The Birth of Localism

Fellow blogger, The Real Hong Kong News, translated “Review and Forecast of Hong Kong’s Anti-Communist Ideology”, in which Apple Daily’s Li Yi details the birth of localism: part 1 and part 2

Back then: In 2009, the 20th anniversary of Tiananmen Massacre, Hong Kong netizens bought an advertisement to support educating children the truth.

Nationalism Booster

In the exam for 2013 DSE General Studies, despite a news article implying the wastefulness of filibusters was chosen, June 4th Night Vigil was surprisingly put into the same category with Baodiao Movement and the relief effort for 2008 Wenchuan Earthquake, both of which are considered as intensely nationalistic.

Netizens’ Comments



狂狼樂隊: Originally, I believed that the reason why HKASPDM used the repelling slogan is because of nationalism; however, as the incident of Ding Zillin was exposed, I see that HKASPDM wanted to use Ding as a tool to attack localists…

—More netizens’ comments later—

5 thoughts on “The founder of Tiananmen Mothers was asked to attack Hong Kong Localists

  1. There ought to be no shame in fighting for greater democracy, whether for oneself or for others. Linking universal values to Chinese patriotism is unnecessary and only hurts the movement. Besides, the currently unity of China is artificial. The current China is kept together only via the PLA. I only pray we can get stable nation-states from the ashes rather than the warlordism of the 1920s.

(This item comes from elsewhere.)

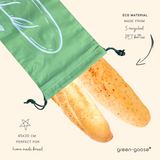 green-goose reusable rPET baguette bag 70x21cm in green with two baguettes, eco material from 5 recycled PET bottles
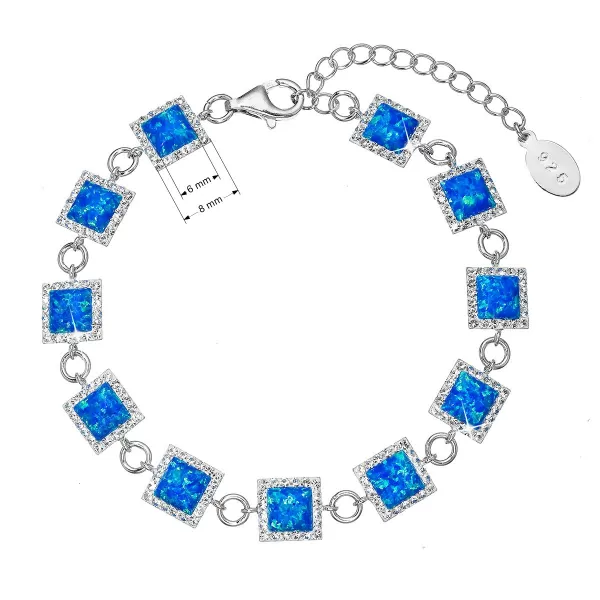 Strieborný náramok s modrým syntetickým opálom štvorec a biele kryštály Preciosa 33047.1 blue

  2. If HKASPDM is also trying to censor and dismantle the “two systems”, there might be no hope left except for hardcore localists.

    By not taking a middle ground, they are going to push more people to the extremes. Soon there’s only going to be two positions available: either you love Beijing or you want total HK independence.

  3. Hong Kong can never truly survive under China. Hong Kong is way too weak, I cannot see a democratic Hong Kong under a democratic China continuing under as ‘Hong Kong’. Hong Kong will soon lose its “Hong Kong-ness” faster if it is under the current Communist China rule, and slower under a democratic China. But one thing is certain, Hong Kong under Chinese rule will inevitably destroy Hong Kong’s core distinctiveness; whether this is in the long run or in the short run; it will happen. The only way to preserve Hong Kong Culture, Hongkongers, Hong Kong, etc, is to formally separate from this large influence.

    It’s seen in the history as well with Japanese and Korean culture being heavily influenced by China, and China wasn’t even rule Japan nor Korea (not fully at least). It shows the heavy influence of the Chinese dynasties and China as a whole. If one is to escape the influences of China, it needs to formally separate and boost local/national culture.

    If Hong Kong is to stay ‘Hong Kong’, there is only one way out: Independence. Truth be told, there has always been only two choices: Submit to Chinese rule, and soon become the same as the Chinese whether slow or fast, or become independent.